However, there are certain distinctive characteristics of this period that made such a groundbreaking movement possible. Firstly, the second Industrial Revolution fast-tracked the mutual interactions between two forms of knowledge (explicit and implicit) and broad technology (Mokyr, 1988). Even before 1870, a number of natural processes such as floods or other regularities were appropriately understood by pioneers to provide some direction as to how to make science and technology more applicable.
However, this concept was much more valued and understood during the second industrial revolution era. For example electricity was already discovered, further applications of electricity were invented. The other aspect of the second Industrial Revolution worth noting is the transcending nature of the organization of production. The second Industrial Revolution observed the growth in some industries due to huge economies of scale. With the growth of the chemical industry, oil refining, and other containers, in addition to engines of various types, size began to play an increasingly important role.
Some economies of scale were organizational, such as mass production by interchangeable parts knowledge while others were more in the nature of marketing benefits, or even because of pursuit of monopolies (Jevons, 1931). The consequence of varying manufacturing technologies was the rise of technological systems. Again, some rudimentary systems of similar nature were already in operation before 1870 such as railroad and telegraph networks and in large cities gas, water supply, and sewage systems were in existence.

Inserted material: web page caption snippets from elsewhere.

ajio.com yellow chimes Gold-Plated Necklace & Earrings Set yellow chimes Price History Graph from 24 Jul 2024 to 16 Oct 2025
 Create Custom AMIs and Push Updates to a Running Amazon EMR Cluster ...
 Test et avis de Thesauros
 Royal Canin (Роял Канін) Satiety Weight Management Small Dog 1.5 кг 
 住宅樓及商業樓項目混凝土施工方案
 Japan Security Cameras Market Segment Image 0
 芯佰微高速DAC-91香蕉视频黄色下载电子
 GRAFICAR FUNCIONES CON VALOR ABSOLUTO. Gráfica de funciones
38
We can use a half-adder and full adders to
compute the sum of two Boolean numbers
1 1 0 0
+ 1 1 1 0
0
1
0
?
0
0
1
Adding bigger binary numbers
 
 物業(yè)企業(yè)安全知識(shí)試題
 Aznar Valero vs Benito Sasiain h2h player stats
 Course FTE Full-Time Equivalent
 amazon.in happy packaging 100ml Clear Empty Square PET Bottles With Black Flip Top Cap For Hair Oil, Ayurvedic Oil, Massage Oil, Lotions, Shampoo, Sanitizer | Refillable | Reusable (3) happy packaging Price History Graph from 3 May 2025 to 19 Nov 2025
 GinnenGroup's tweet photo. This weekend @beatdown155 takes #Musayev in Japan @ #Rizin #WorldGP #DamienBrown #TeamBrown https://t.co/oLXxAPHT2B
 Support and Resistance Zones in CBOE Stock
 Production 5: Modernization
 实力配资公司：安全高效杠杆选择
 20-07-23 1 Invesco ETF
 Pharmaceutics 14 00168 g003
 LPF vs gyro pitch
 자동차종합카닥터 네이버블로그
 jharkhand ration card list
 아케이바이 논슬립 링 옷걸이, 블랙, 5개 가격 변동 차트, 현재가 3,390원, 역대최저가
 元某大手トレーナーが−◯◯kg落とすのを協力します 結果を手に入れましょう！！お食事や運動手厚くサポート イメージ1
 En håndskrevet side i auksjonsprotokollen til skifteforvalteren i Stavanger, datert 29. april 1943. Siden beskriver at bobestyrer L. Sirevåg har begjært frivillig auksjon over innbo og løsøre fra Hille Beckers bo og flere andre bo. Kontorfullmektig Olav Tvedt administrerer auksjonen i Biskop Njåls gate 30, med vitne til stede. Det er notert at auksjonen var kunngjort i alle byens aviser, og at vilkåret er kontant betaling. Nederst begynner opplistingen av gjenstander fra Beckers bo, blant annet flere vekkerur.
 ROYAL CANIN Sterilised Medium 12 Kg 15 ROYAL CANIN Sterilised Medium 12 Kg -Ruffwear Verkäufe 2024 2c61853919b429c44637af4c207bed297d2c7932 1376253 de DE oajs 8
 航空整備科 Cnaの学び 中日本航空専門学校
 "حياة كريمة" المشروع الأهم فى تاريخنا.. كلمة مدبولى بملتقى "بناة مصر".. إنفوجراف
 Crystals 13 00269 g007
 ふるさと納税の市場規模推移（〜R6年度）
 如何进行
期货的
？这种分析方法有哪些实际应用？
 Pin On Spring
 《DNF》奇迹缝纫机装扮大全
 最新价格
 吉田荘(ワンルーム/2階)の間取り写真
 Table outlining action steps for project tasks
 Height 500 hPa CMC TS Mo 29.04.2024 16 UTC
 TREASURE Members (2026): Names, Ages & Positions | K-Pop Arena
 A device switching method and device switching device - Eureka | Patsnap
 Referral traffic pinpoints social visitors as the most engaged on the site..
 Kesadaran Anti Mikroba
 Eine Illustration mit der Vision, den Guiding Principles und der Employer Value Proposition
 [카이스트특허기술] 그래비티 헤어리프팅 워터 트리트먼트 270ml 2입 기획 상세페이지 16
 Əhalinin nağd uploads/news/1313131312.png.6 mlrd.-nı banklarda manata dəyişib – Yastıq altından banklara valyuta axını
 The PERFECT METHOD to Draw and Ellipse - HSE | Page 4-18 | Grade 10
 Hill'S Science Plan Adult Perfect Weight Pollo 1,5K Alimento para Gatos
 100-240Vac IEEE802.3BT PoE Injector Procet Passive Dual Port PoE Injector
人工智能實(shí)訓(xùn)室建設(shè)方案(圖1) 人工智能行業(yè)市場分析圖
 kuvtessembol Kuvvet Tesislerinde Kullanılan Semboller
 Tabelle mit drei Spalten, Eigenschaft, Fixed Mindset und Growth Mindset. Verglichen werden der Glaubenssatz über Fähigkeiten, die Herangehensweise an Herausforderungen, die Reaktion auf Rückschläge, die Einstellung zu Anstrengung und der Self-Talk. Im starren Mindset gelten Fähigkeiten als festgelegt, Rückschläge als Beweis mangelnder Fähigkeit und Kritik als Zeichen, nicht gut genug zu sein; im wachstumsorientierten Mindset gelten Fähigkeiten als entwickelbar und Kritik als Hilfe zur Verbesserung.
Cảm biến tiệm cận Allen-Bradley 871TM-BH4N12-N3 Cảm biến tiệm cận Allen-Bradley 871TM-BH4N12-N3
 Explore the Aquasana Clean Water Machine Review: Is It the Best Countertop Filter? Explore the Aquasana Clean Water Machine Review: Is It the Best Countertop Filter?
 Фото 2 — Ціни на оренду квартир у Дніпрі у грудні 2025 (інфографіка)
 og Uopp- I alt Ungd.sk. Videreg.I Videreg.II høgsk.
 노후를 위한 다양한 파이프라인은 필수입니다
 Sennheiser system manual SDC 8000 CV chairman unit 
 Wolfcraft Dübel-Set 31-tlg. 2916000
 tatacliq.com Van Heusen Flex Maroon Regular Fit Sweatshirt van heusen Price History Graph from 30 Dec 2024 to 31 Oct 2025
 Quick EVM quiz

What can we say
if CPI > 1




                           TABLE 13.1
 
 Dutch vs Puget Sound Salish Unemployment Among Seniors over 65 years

However, the second Industrial Revolution scaled up the sizeable technological system from an exception to a commonplace (Bekar & Lipsey, 2003). Works Cited Atkeson, A., & Kehoe, P. J. (2001, December). THE TRANSITION TO A NEW ECONOMY AFTER THE SECOND INDUSTRIAL REVOLUTION. NATIONAL BUREAU OF ECONOMIC RESEARCH , pp. 1-40. Bekar, C., & Lipsey, R. G. (2003, January 7). Science, Institutions, and the Industrial Revolution . Retrieved June 22, 2011, from Lewis and Clark College : http://legacy.lclark.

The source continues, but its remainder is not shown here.